NVIDIA Offers Real-Time Neural People Through a NeRF and GAN Pipeline

About the author

Martin Anderson

Martin Anderson

I'm Martin Anderson, a writer occupied exclusively with machine learning, artificial intelligence, big data, and closely-related topics, with an emphasis on image synthesis, computer vision, and NLP.

Share This Post

A new collaboration between the University of California, Stanford, and NVIDIA has proposed a system capable of turning people into neural representations in real time:

Please allow time for the animated GIF below to load

The user's webcam feed is transformed into a neural radiance fields representation in real-time. See the source videos for better resolution and coherence. Source: https://research.nvidia.com/labs/nxp/lp3d/
The user's webcam feed is transformed into a neural radiance fields representation in real-time. See the source videos for better resolution and coherence. Source: https://research.nvidia.com/labs/nxp/lp3d/

Though impressive in itself, the capability is more significant when considering its possible use in VR and AR applications, where the individual can be seen from multiple possible viewpoints, authentically represented.

Please allow time for the animated GIF below to load

The new system can accurately infer a novel and unseen point of view, in real-time.
The new system can accurately infer a novel and unseen point of view, in real-time.

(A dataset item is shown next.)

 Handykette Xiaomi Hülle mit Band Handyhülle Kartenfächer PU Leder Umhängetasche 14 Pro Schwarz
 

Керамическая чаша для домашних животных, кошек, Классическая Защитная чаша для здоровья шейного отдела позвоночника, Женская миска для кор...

Though the new paper avoids the topic, perhaps to avoid controversy (a growing trend in facial synthesis research publications), the new framework can also potentially transform individuals into other individuals, allowing them to drive synthetic or even artistic personalities, and potentially offering deepfake capabilities:

Please allow time for the animated GIF below to load

A real person is used as a 'driver' video to animate the actions of a clearly false personality, rendered in an artistic style.
A real person is used as a 'driver' video to animate the actions of a clearly false personality, rendered in an artistic style.

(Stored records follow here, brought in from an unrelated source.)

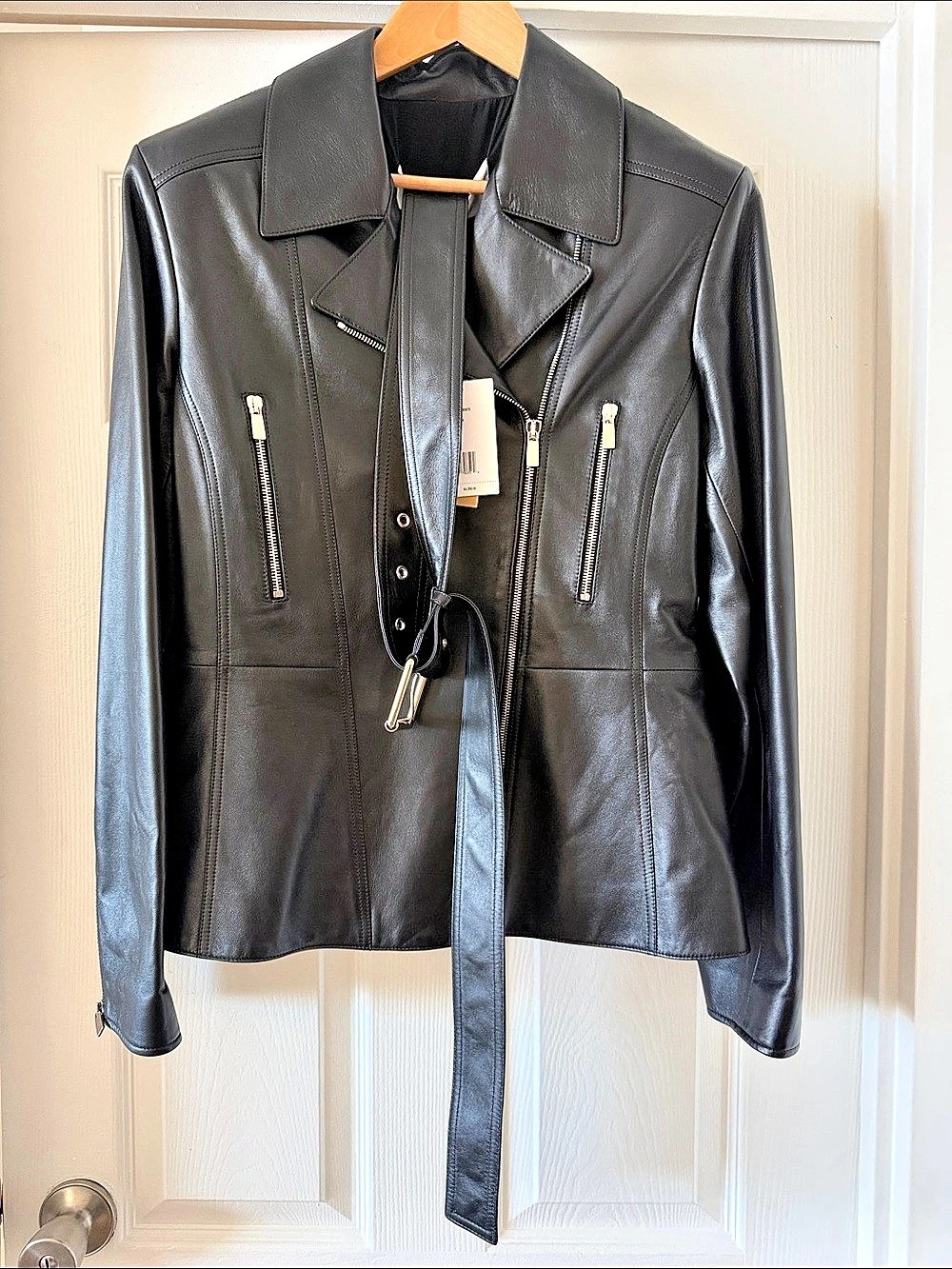 Michael Kors Leather Moto Jacket in Black NWT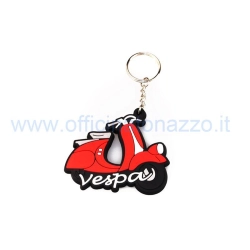 Portachiavi Vespa in gomma di colore rosso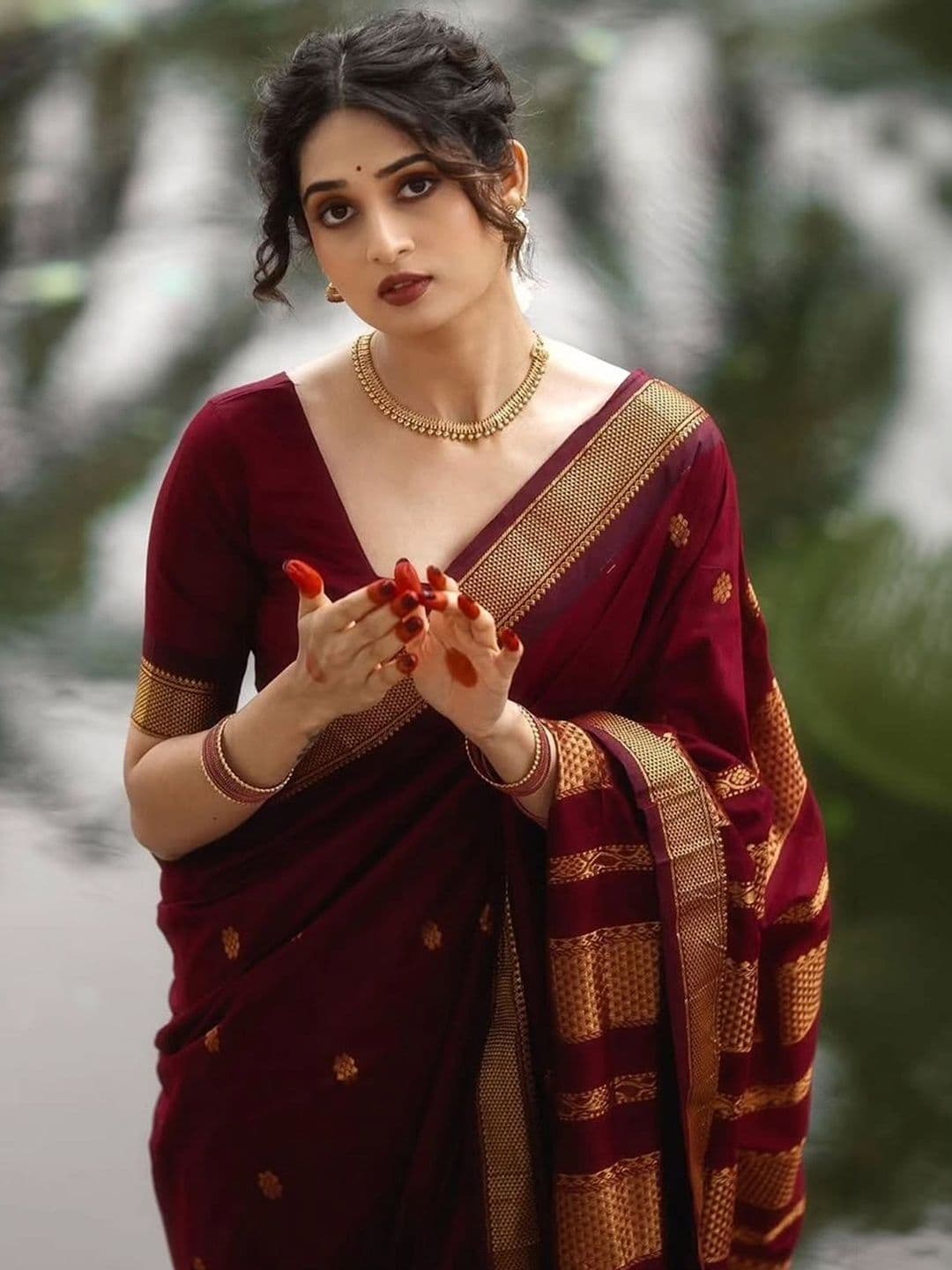 SANISA Woven Design Zari Silk Blend Saree - view 1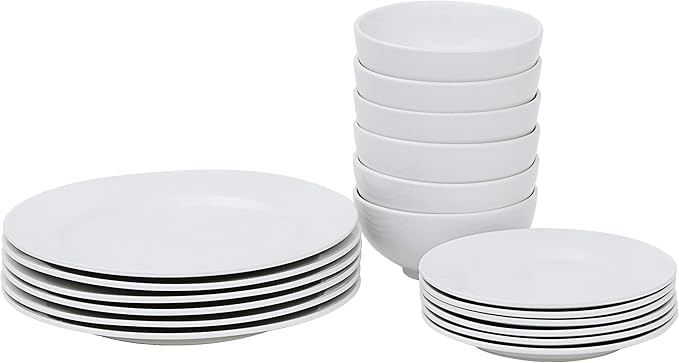 SUPER DEAL Round 18-Piece White Kitchen Dinnerware Set Service for 6 Plates and Bowls – Microwave Oven and Dishwasher Safe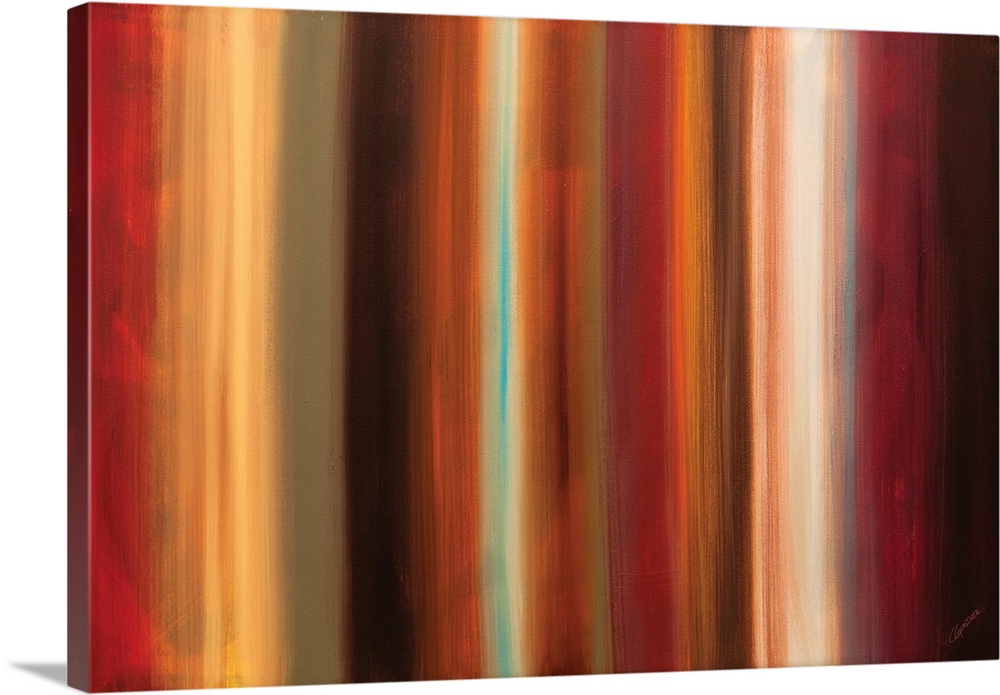 Large abstract painting with vertical brushstroke lines in shades of red, yellow, brown, and orange with two bright blue t...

This transformative process is obtained from a single RGB image source, such as a webcam, and has no need of additional cameras in order to infer accurate geometry. Further, it can run effectively on a NVIDIA 3090 GPU (which, while it is a beefy and expensive piece of kit, still qualifies as ‘consumer’ hardware).

The method, according to the researchers behind it, is three orders of magnitude faster than the current state-of-the-art NeRF-based approaches for real-time neural rendering.

The system is primed on synthetic images, which are generated dynamically by a prior framework. The authors note:

‘[We] warm up the model by training over 30k iterations without the adversarial loss and continue to train the model with the full loss functions in Eqn. 5 over 220k iterations. Since we sample two camera poses per [iteration], we effectively use over 16 million images during the training, which is not obtainable from real images (nor even physically-based rendered images) in practice.’

Trialed against former methods, the (unnamed) new approach is able to improve on prior work in this area both in terms of latency and quality:

The new method offers improved geometry and identity-fidelity, in addition to a leap to real-time rendering, on consumer-level hardware (albeit very good hardware). Source: https://arxiv.org/pdf/2305.02310.pdf
The new method offers improved geometry and identity-fidelity, in addition to a leap to real-time rendering, on consumer-level hardware (albeit very good hardware). Source: https://arxiv.org/pdf/2305.02310.pdf

One interesting take on the possible application of the new work is to consider that it is above-averagely capable of generating accurate novel views at extreme angles, and that it may serve not only as a possible source of synthetic data (i.e. to train models where the data has gaps in viewpoints and coverage), but could also function as a temporally coherent rendering system for generative models such as Stable Diffusion, which has long sought such a solution.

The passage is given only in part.